Confined Kirkendall Strain Engineering Promotes Oxygen Evolution on Co 3 O 4 for Proton Exchange Membrane Water Electrolyzer

ABSTRACT While Kirkendall oxidation (KO) facilely fabricates transition metal oxides for oxygen evolution reaction (OER) in proton exchange membrane water electrolyzers (PEMWEs), it concomitantly triggers detrimental lattice expansion. For Co 3 O 4 , an appealing IrO 2 ‐alternative catalyst, KO generates a free lattice expansion above 2.4%, resulting in suboptimal activity and stability.
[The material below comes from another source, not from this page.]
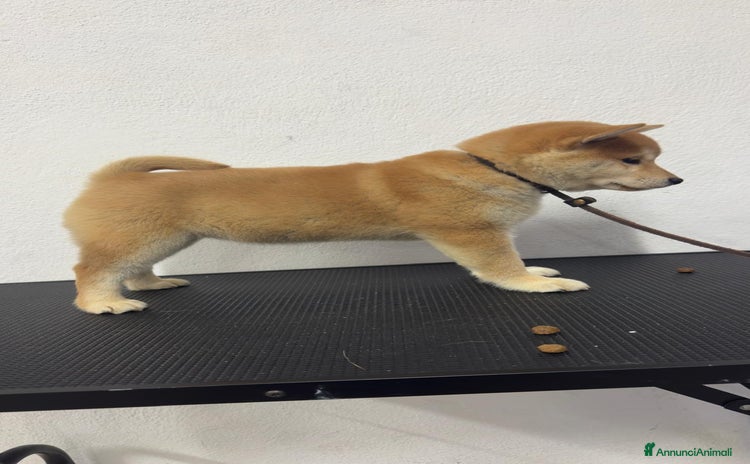 Shiba Inu cani - Annuncio 17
Here, we design a confined KO approach and coat the precursor Co nanoparticles with atomic carbon layers, enabling controllable lattice expansion of Co 3 O 4 between 0.2% and 1.8%. For the first time, a strain‐dependent OER activity of Co 3 O 4 is established in acidic media, with an expansion strain of 1.4% exhibiting the lowest overpotential of 377 mV at 10 mA cm −2 . Synchrotron X‐ray absorption spectroscopies and theoretical calculations unravel the adjustable lattice strain regulates the d‐band center of Co sites and further modifies the oxygenate adsorptions. When integrated into a PEMWE, the 1.4%‐strained Co 3 O 4 catalyst sustainably operates at 250 mA cm −2 over 100 h. The reported confined KO provides a new means for strain engineering of transition metal oxides for energy electrocatalysis.